Most of today was spent on trying to improve the model I've built yesterday. I went on ##machinelearning and asked the help of others in an attempt to improve my model.

I was able to fix one problem which was that my validation loss would increase (diverge) as soon as training started, which is not something I expected. Normally, during training you would expect a "reverse-s" shaped curve to occur, meaning that initially the improvements are small, then bigger, and finally revert to being small as we reach the point of optimization. In order to fix that, I had to move away from using the default values used by the optimizers, more specifically their learning rate, which were from 10-100 times bigger than the value I set up on using.

After trying many different architectures (only dense layers, varying layer sizes, introducing dropout, using different activation functions), optimizers(sgd, adam, nadam) and input formats (straight data, normalized data, one-hot categories) and not seeing much improvement from the initial 40-50% accuracy, I tried to think a little bit about why that would be the case.

I converted the data I was reading from MySQL into the data that was read by the network and saved this data as a csv file. I then opened that file in Excel and created a pivot graph, which basically displayed how many times a given label was used. The graph looked as follow:

Output classes repartition

As you can see, there are 3 main output classes that represent more than 50% of the total output.

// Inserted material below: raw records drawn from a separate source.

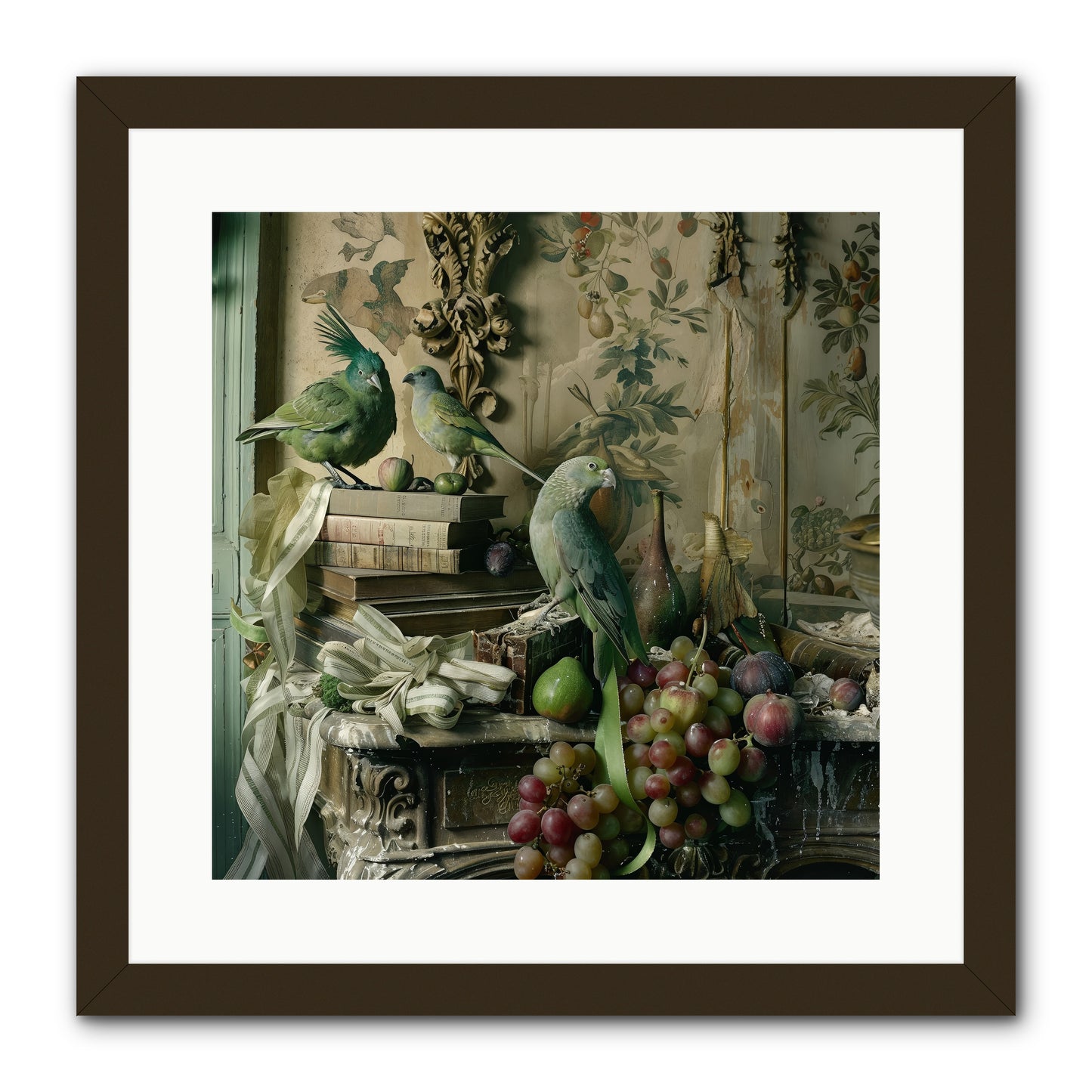 Plumes Of The Belle Époque -- Framed Print - Black 16x16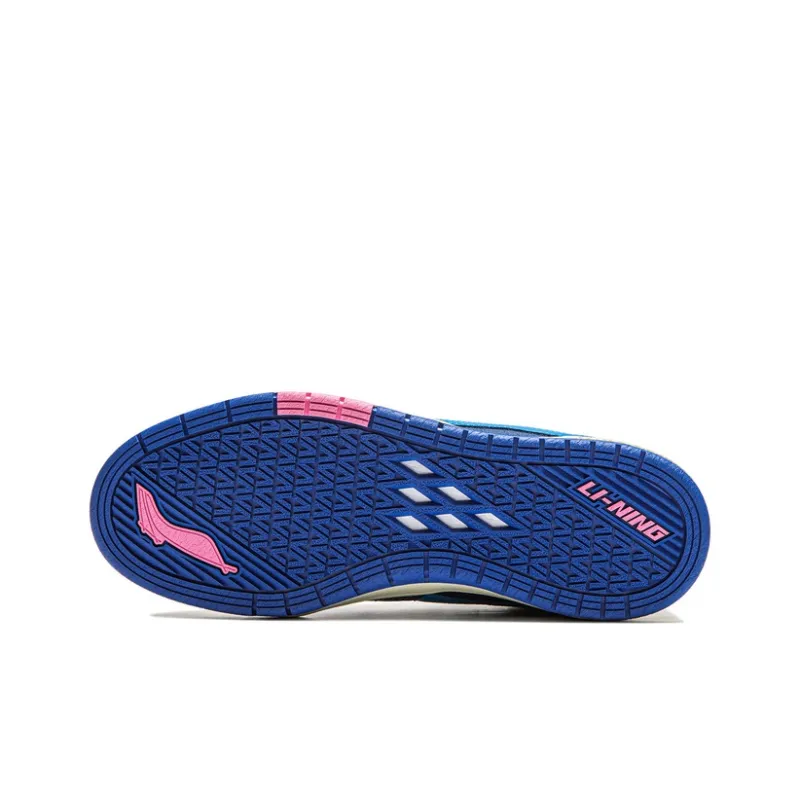 LiNing Anti-Slip Wear-Resistant Low-Top Skateboard Shoes Women's White Blue-6
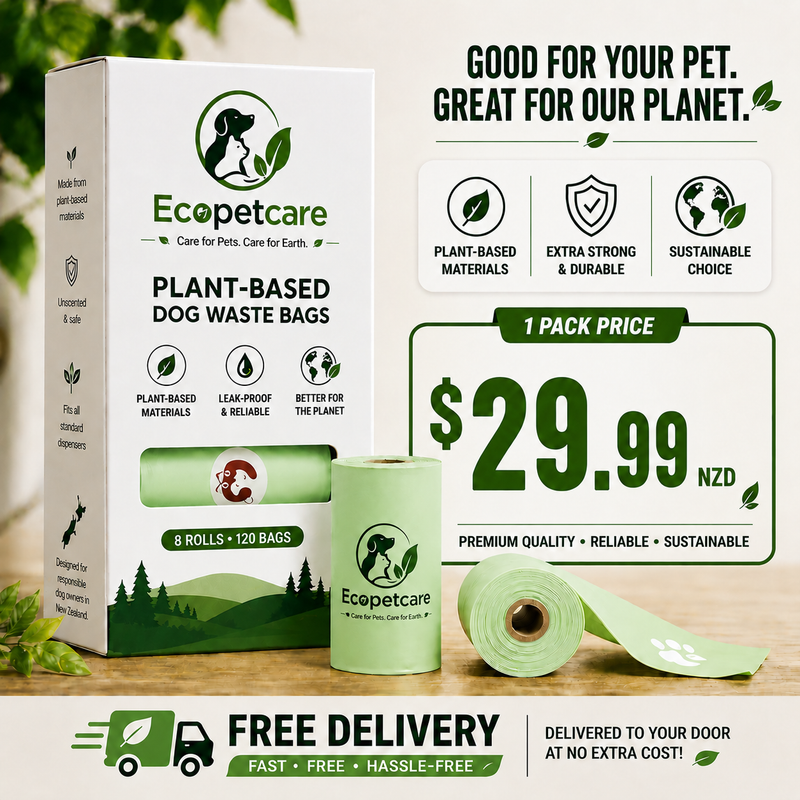 Ecopetcare plant-based dog waste bags packaging with promotional text on a wooden surface.
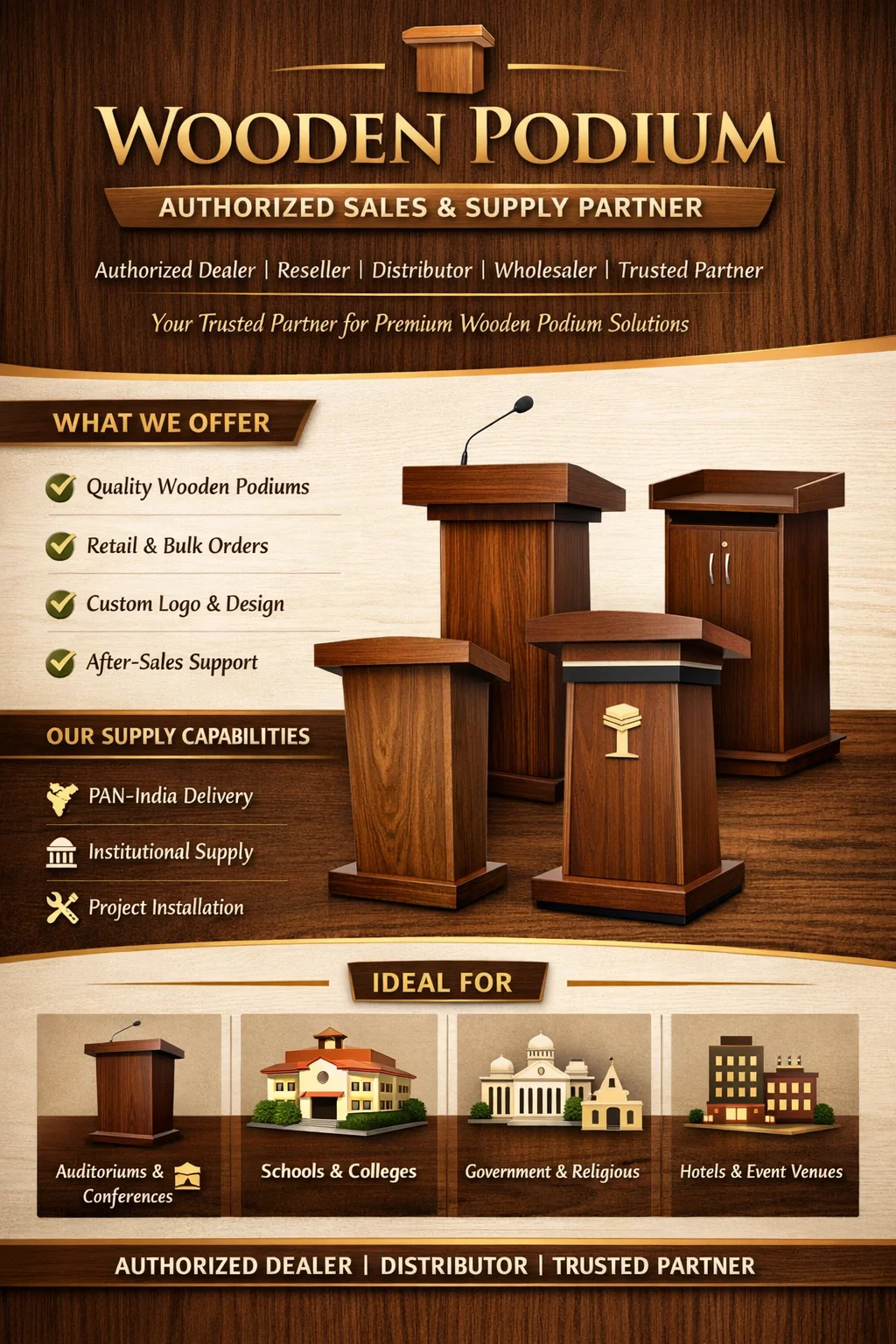 Best Ahuja Wooden Podiums & Lecterns Supplier in India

One problem with class imbalance is that if the network were to always output the same value for that biggest class, it would be correct a good amount of the time (approximately the same percentage that this class represents).

One can artificially introduce "class balance" by replacing the problem with a newer problem declared as "this big class VS the rest". Once that decision has been made, then the following network can be either another "this big class VS the rest" if it is imbalanced, or a "regular" classifier if all the classes are fairly balanced.